We swiftly set up camp and then Ally and I shot up the hill to The Red Cliff (Creag Dhearg) and had an awesome afternoon doing three good 50m routes. Ally lead “Big Chief Turning Bull” E4/5***, then I went on to do “Little Miss Sitting Pretty” E5*** and we finished off the evening with an ascent of the immaculate four star E3 “Fulmar Squaw”. Swail and Adam had also joined us at The Red Cliff to do a few routes in the evening sun.
| Me on "More Lads and Molasses" Photo Credit- Ally Swinton |
At The Boulevard after watching the Basking Sharks less than 10m away from our belay, Ally lead a hard three star E3 called “A Word With The Bill”, which was made even more taxing by the fact that it followed a steep rounded crack system that in the baking sun was starting to get very smeagy and slippy (a good lead). I then went on to do the truly breath taking E5 “Save Our Souls” which takes a direct line straight up the right hand side of the crag. The line goes through the 3m capping roof at the top, which is where the crux of the route lies. After some mental heel-hooking and steep yarding over the lip there was a hard rock over and the route was complete. Another good route and again...”what a way to end an awesome day on the island”.
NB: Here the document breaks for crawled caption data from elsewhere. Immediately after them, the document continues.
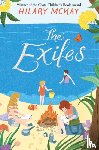 McKay, Hilary - The Exiles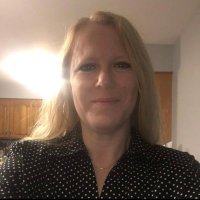 JMottier (@jmottier16) 's Twitter Profile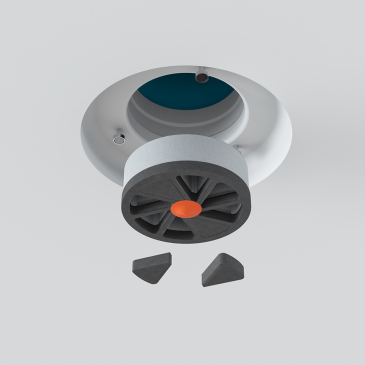 8-ergovent-rondo-125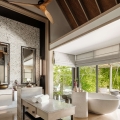 Waldorf Astoria Maldives Ithaafushi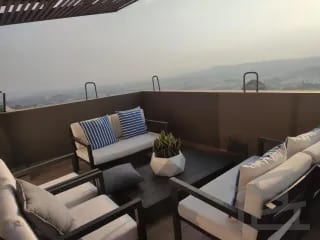🏙️ Ganga Apartamento en venta – Edificio Cento, Santa Catarina Pinula — Apartamento en Venta en Cento, Santa Catarina Pinula, Guatemala, Ciudad — miniatura 2 de 7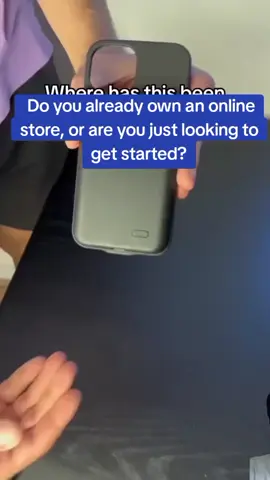 #creatorsearchinsights 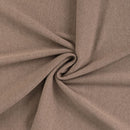 Rippbündchen überbreit *Ab 25 cm-52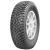 Kama 205/75R15 97Q 515 TL (шип.)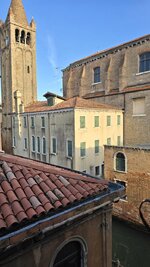 20260921_181609.jpg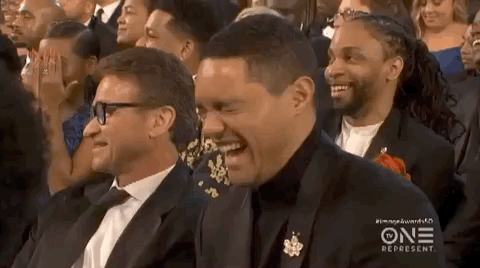 source.gif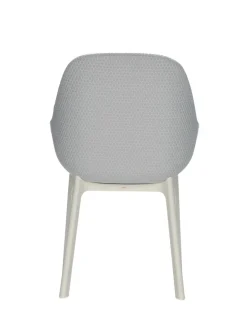 Online Clap Poltroncine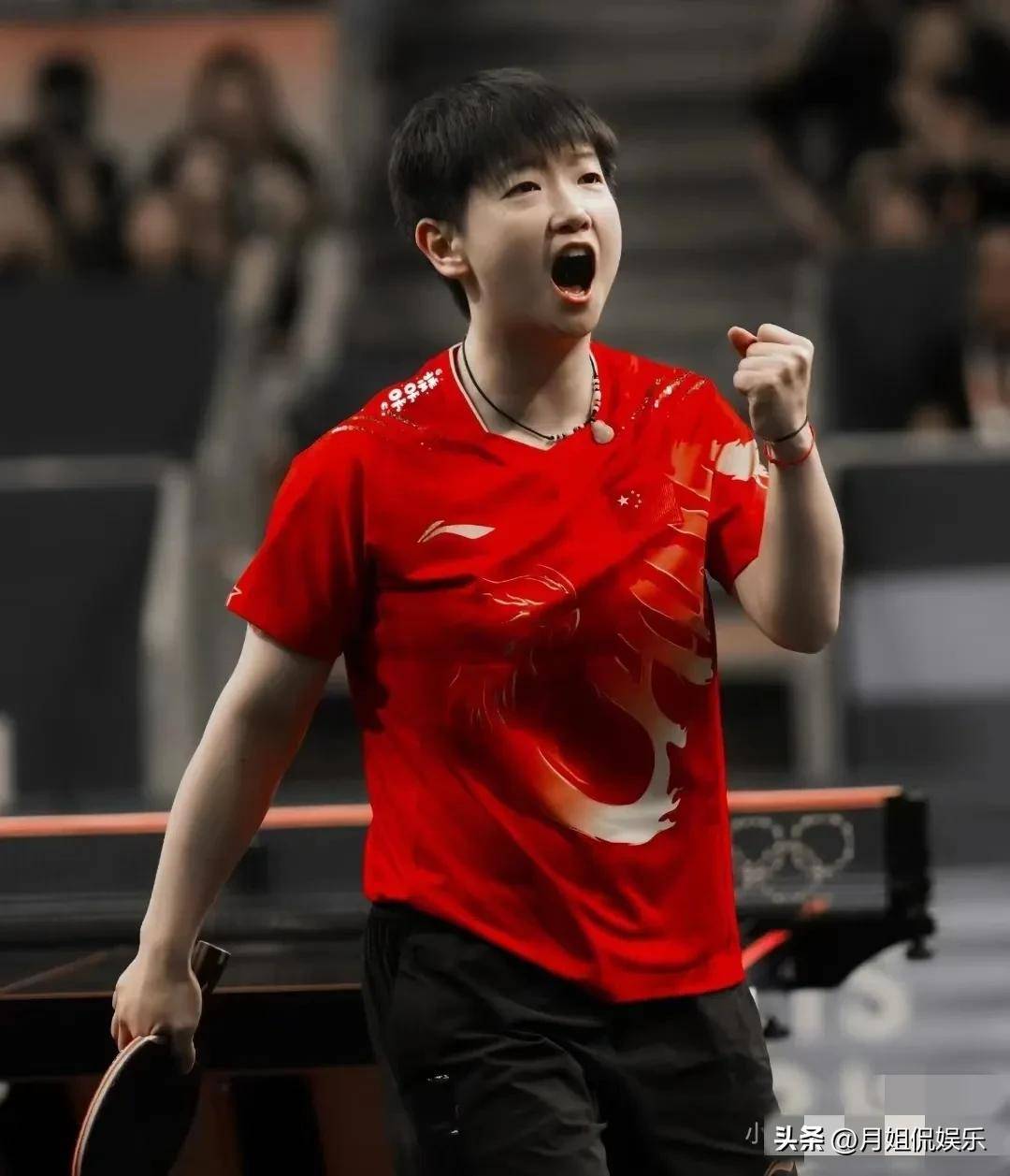 直播期间开 直播期间开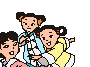 Daughters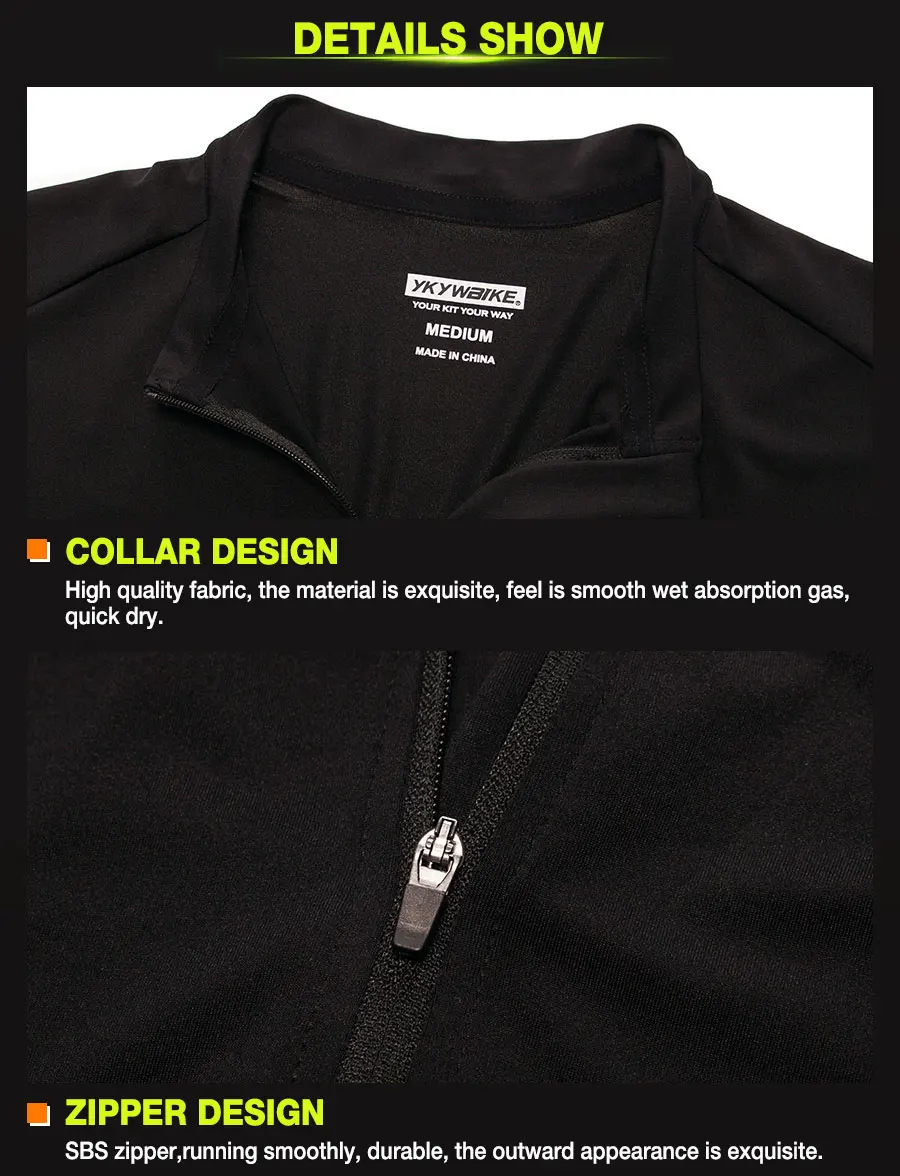 details-show-xq02_01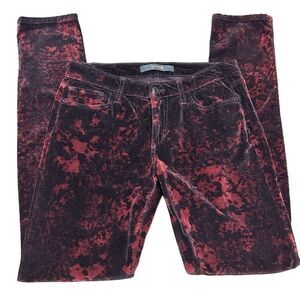 listing-status-banner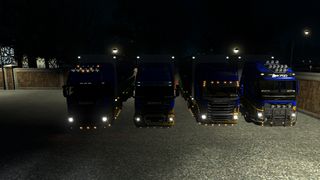 Image by Eugene_Nevidomyy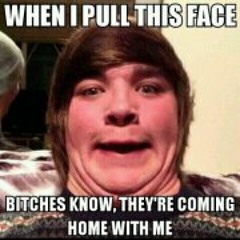 Connor William Wright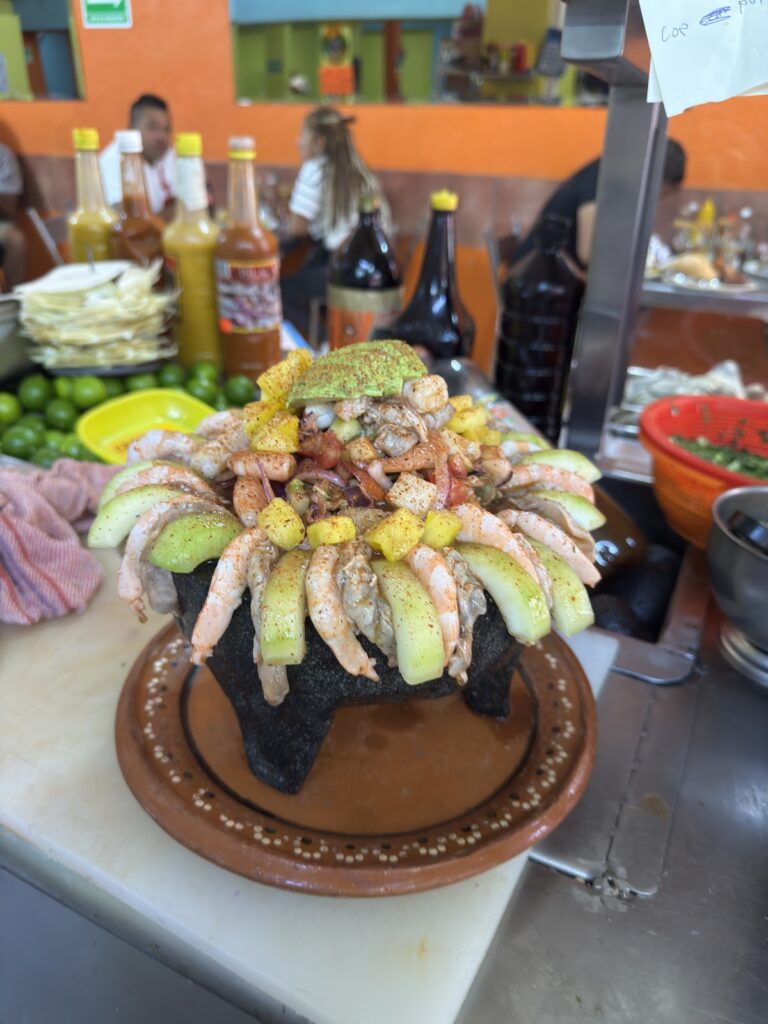 17848 pescados y mariscos rolas 768x1024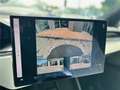Tesla Model X 100 kWh Tri-Motor Plaid Blanc - thumbnail 13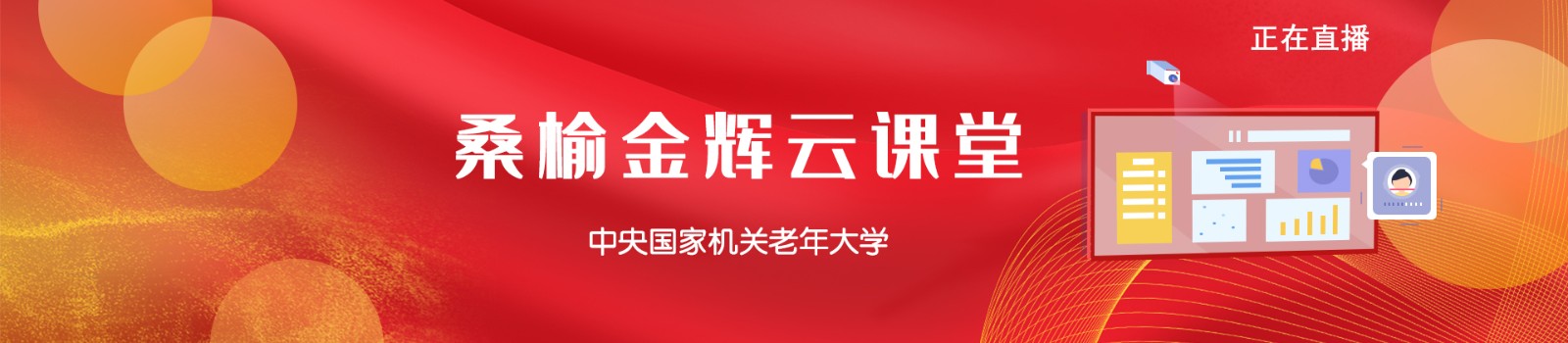 e24d1c6cdb6f1513cb859582561fa2b2.jpg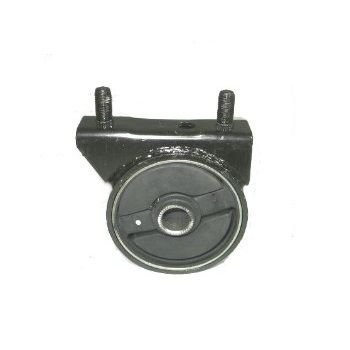 MOTOR TAKOZU ON (MT)-ACCENT 97-99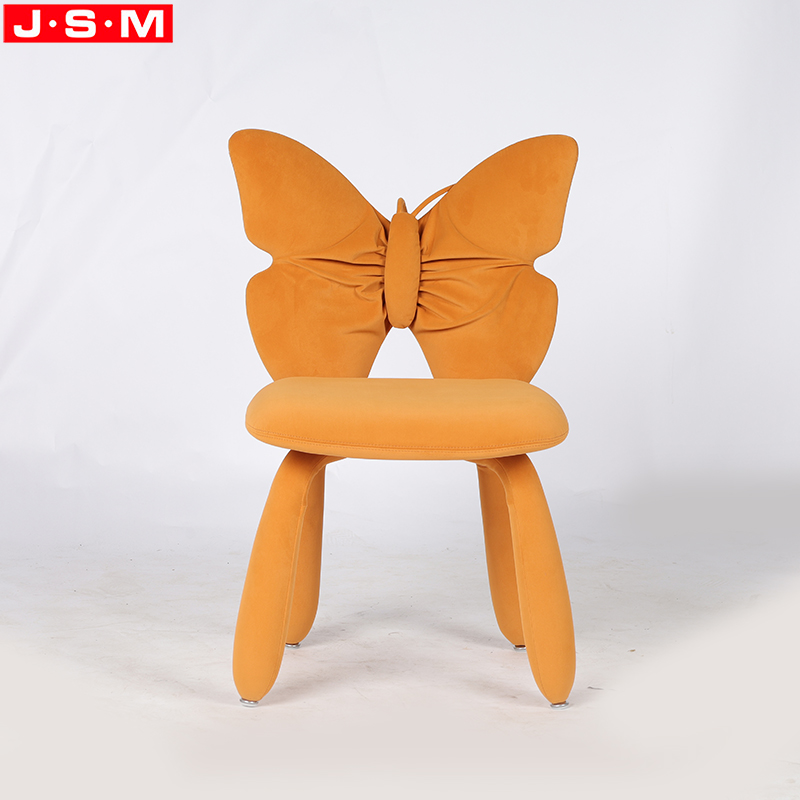 dining chair slipcovers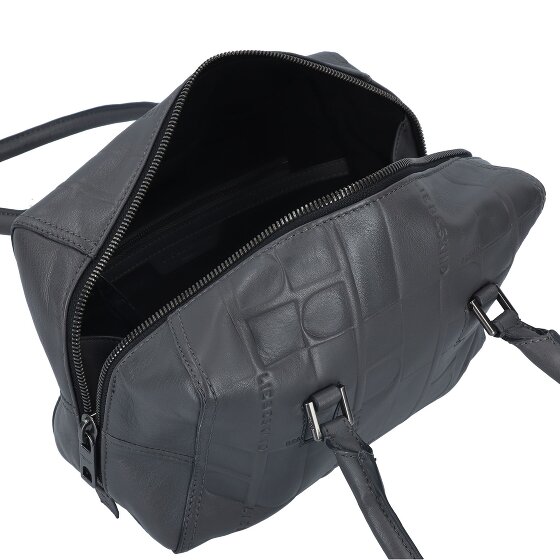 Liebeskind Kayla Schultertasche S Leder 28 cm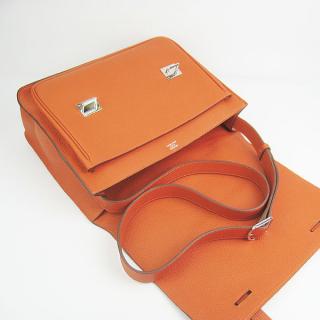 Hermes H2812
| Ally on "Sugar Cane Country" Photo Credit- Greg Boswell |
Once at the top we where both buzzing after having just ticked one of the best routes either of us had done on the Islands. But we weren’t settling for one route, so we swiftly sorted our kit and rapped down the second abb line that was set up by the rest of the group. We met up with Rob who had been working on his tan at the top, and then the three of us made short work of the 4 star E2 “Sula”. This route was home to some fun slab climbing at the start and a totally contradictory second pitch of steep jug pulling for 40m. I finished off by leading the slightly loose tope pitch and then onto the top of the crag where the rest of the group where relaxing and chatting about the awesome day they had all just had.
As we walked back to camp, the wind was starting to pick up and it was obvious that there was some weather coming in and it looked like rain was approaching, so Ally and I opted to have a rest day. The next day (Wednesday) was spent mostly at the camp and on the beautiful white beach where we all relaxed and recovered after a good weeks cranking on the outstanding island routes.
On Thursday we waited until the afternoon before heading back up to The Red Cliff as the sun doesn’t hit the routes until after 2pm, and the rock would still have been fairly damp. Ally and I did a pretty nippy 3 star E5 called “Variations on a Dream” with the hard climbing kicking in straight off the belay ledge, and didn’t let up until the top of the second pitch. Then it was an easy last pitch to finish. After that route we sat around at the top and made the most of the views and setting sun while also watching some of the other guys from the group climbing some awesome routes, Including Liam Ingram leading his first E3; the 4 star classic “Fulmar Squaw”.
| The Boy James in Mingulay bay |
| Adam Russell on "Swimming to America" Photo Credit-Greg Boswell |
For me this was the best trip to Pabbay and Mingulay I had been on. The weather was good on the climbing days, the company of other group members was awesome and the routes I got ticked with Ally where all of impeccable quality. I always look forward to going on trips to these Islands and up to now, I have never seemed to regret it! I recommend that if anyone ever gets the chance to go to these Islands in the Outer Hebrides that they jump at the chance and if there psyched and fit, they will not regret it either.
I would like to thank Ken and Buffy Lacey for giving James, Ally and I a place to stay late on Frifday night after the long ferry journey...It was very much appreciated!